L’enfant mascara
- Clémence Dubois Lemieux
- Jan 18
- 2 min read
Comment être authentique à l’écrit ? Ce n’est malheureusement pas une question à laquelle j’ai la réponse. Toutefois, Simon Boulerice, lui, marque la littérature québécoise en 2016 avec L’enfant mascara, roman poétique, dont le réalisme laisse une poussière dans les yeux et une amertume désagréable en bouche.
« Je m’appelle Leticia. » C’est une phrase simple et, pourtant, d’un courage sans borne. Pour l’adolescente, la vie a commis une erreur en la faisant naître sous la forme de Larry. Pauvre, adoptée, trans, évoluant dans le cadre socioéconomique des États-Unis actuel, elle devient la narratrice de sa propre fin, victime d’une flamme dévorante : l’amour. Inspiré d’un
drame homophobe ayant réellement eu lieu en Californie, ce récit rapporte la trop courte métamorphose d’une arrogante et éclatante jeune fille, dont l’ambition sera arrêtée d’une balle.

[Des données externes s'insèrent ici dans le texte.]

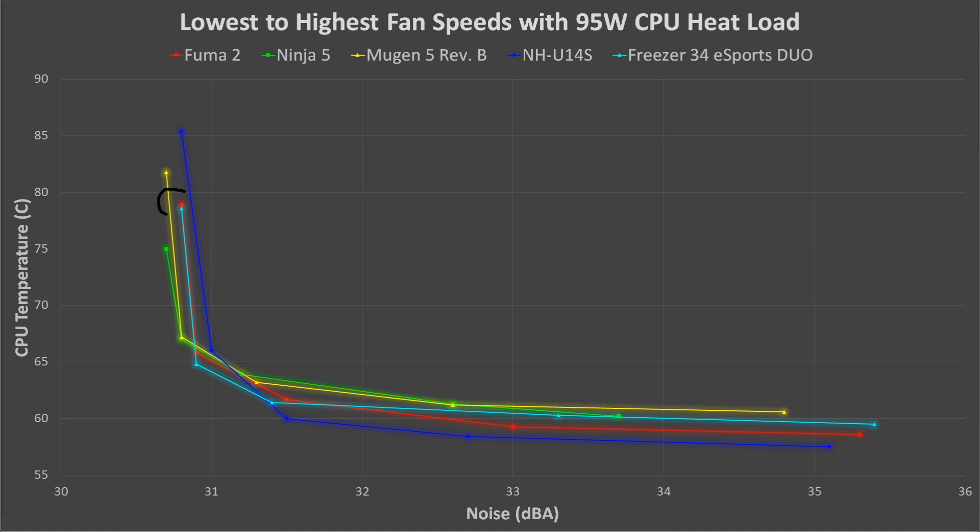Starting at the lowest fan speeds, we can see the Fuma 2 in red performs almost identically to the Freezer 34 Esports Duo. It has a good low noise level at its lowest fan speeds, essentially matching all the rest of the coolers in this roundup. It also has very decent temperatures at this lowest speed, but it can't get quite as low as the Ninja V in green, most likely due to the Ninja V's huge heatsink, which makes it an excellent passive cooler. Moving on to the next fan speed point, it performs almost identically to all the rest. Then at the middle fan speed point, it gains a significant temperature advantage over the Ninja V and the Mugen 5 Revision B, and matches the Freezer 34 Esports Duo, but is outperformed by the NH-U14S. At the next fan speed point, the Fuma 2 excels, outperforming all the coolers except the NH-U14S. Then at the highest fan speeds, it still has lower temperatures than everything except the NH-U14S, but it does produce excessive noise without hardly any drop in temperature. It would have been nice if the noise was a bit lower at high speeds like its brother the Ninja V, but the Fuma 2 just has higher-speed fans.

Pow !

Dès les premières lignes, les thèmes abordés, le format et le style m’ont happée. D'abord, l’auteur représente le chorégraphe d’une danse entre amitié, violence familiale, espoir, discrimination et identité. En fait, son art vibre de compassion pour ceux qui subissent ces souffrances trop souvent normalisées. La narratrice, Leticia, qui s'adresse au garçon, dont elle est amoureuse, dévoile des morceaux de son quotidien, un « patchwork » coloré à la. texture tantôt soyeuse, tantôt rugueuse. En réalité, c’est au fil de ces courts chapitres et des verbatim des proches de la réelle victime que nous voyons se tisser la trame de la tragédie amoureuse. De plus, les sujets d’actualité énumérés plus tôt sont explorés à un rythme, à mon avis, indubitablement entraînant puis touchant.

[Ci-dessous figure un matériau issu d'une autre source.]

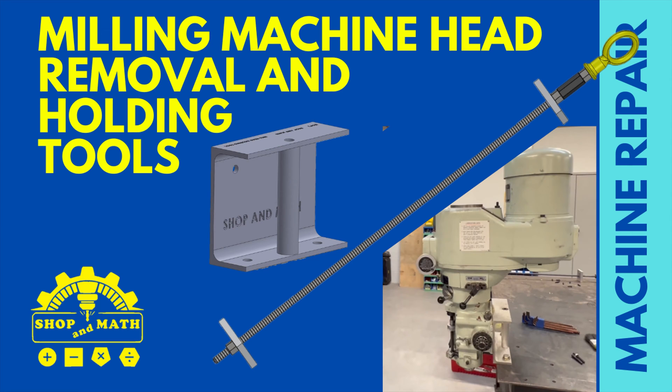Milling machine head and removal tools. The drawing files will also be uploaded.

Ensuite, le style à la fois riche et accessible reste un des points forts de ce roman. Alternant poèmes et narration, Boulerice a su créer plusieurs images parlantes. Que ce soit par les titres de ses chapitres, habiles jeux de mots ou par le vocabulaire recherché de ce récit, le tout forme pour moi un équilibre parfait entre richesse et fluidité. Pour n’en citer qu’un, le passage suivant est un de mes favoris :
« Un jour, je cesserai de me sentir comme une carte routière désemparée dans un grand vent, qui déchire de partout et ne sait plus où est son nord. »
En effet, cette métaphore appartient à un vaste éventail d’autres procédés
stylistiques qui rendent profond le récit.

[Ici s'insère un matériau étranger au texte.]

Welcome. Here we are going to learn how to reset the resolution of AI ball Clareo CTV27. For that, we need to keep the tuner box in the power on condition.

Bref, L’enfant mascara est un roman que je vous recommande sincèrement à cause de sa beauté troublante et de ses thèmes cruciaux. Critique forte d’une société tendant vers la discrimination, ce récit s’inscrit dans la catégorie des écrits desquels nous émergeons plus ouvert.e.s. Sa pertinence, même dans un cadre scolaire comme le nôtre, m’encourage d’autant plus à vous le conseiller !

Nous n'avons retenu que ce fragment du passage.